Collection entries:
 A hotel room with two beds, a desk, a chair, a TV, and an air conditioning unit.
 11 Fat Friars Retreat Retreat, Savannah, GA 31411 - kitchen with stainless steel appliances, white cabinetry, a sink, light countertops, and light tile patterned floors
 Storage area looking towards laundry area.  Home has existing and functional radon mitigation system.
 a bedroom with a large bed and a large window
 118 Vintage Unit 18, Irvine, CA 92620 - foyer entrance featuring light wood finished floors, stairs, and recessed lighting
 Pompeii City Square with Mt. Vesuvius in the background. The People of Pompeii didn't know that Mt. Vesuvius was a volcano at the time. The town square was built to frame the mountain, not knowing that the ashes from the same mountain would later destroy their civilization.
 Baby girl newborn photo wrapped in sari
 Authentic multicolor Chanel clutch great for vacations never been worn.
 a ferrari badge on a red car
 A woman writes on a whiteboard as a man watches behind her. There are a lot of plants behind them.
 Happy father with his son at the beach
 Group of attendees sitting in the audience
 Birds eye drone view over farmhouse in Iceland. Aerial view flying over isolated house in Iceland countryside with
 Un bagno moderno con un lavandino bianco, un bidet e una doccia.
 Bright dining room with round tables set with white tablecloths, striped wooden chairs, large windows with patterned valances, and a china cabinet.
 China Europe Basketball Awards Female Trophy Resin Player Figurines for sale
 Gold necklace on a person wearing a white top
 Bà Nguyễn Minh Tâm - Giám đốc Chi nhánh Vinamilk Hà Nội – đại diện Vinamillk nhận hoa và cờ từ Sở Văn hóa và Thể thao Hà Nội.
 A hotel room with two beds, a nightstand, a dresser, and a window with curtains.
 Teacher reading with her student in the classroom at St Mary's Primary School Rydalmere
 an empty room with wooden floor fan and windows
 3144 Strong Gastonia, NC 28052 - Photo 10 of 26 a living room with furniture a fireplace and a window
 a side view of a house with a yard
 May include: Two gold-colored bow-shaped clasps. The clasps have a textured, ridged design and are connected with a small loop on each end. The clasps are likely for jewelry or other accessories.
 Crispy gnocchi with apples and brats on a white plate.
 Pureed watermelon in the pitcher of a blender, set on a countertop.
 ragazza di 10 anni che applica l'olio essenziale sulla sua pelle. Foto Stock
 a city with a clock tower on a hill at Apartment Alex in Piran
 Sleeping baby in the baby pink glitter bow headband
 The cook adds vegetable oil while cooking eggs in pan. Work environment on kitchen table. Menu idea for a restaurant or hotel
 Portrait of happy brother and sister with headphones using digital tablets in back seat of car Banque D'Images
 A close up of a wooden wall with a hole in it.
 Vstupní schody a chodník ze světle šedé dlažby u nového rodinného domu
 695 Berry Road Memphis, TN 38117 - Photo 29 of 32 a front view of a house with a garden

**Brief**
Copy the stretch of the records above that runs from the line with "118 Vintage Unit" through the line with "Crispy gnocchi with". Both end lines belong in the copy, and nothing else does.

**Response to this exercise**
 118 Vintage Unit 18, Irvine, CA 92620 - foyer entrance featuring light wood finished floors, stairs, and recessed lighting
 Pompeii City Square with Mt. Vesuvius in the background. The People of Pompeii didn't know that Mt. Vesuvius was a volcano at the time. The town square was built to frame the mountain, not knowing that the ashes from the same mountain would later destroy their civilization.
 Baby girl newborn photo wrapped in sari
 Authentic multicolor Chanel clutch great for vacations never been worn.
 a ferrari badge on a red car
 A woman writes on a whiteboard as a man watches behind her. There are a lot of plants behind them.
 Happy father with his son at the beach
 Group of attendees sitting in the audience
 Birds eye drone view over farmhouse in Iceland. Aerial view flying over isolated house in Iceland countryside with
 Un bagno moderno con un lavandino bianco, un bidet e una doccia.
 Bright dining room with round tables set with white tablecloths, striped wooden chairs, large windows with patterned valances, and a china cabinet.
 China Europe Basketball Awards Female Trophy Resin Player Figurines for sale
 Gold necklace on a person wearing a white top
 Bà Nguyễn Minh Tâm - Giám đốc Chi nhánh Vinamilk Hà Nội – đại diện Vinamillk nhận hoa và cờ từ Sở Văn hóa và Thể thao Hà Nội.
 A hotel room with two beds, a nightstand, a dresser, and a window with curtains.
 Teacher reading with her student in the classroom at St Mary's Primary School Rydalmere
 an empty room with wooden floor fan and windows
 3144 Strong Gastonia, NC 28052 - Photo 10 of 26 a living room with furniture a fireplace and a window
 a side view of a house with a yard
 May include: Two gold-colored bow-shaped clasps. The clasps have a textured, ridged design and are connected with a small loop on each end. The clasps are likely for jewelry or other accessories.
 Crispy gnocchi with apples and brats on a white plate.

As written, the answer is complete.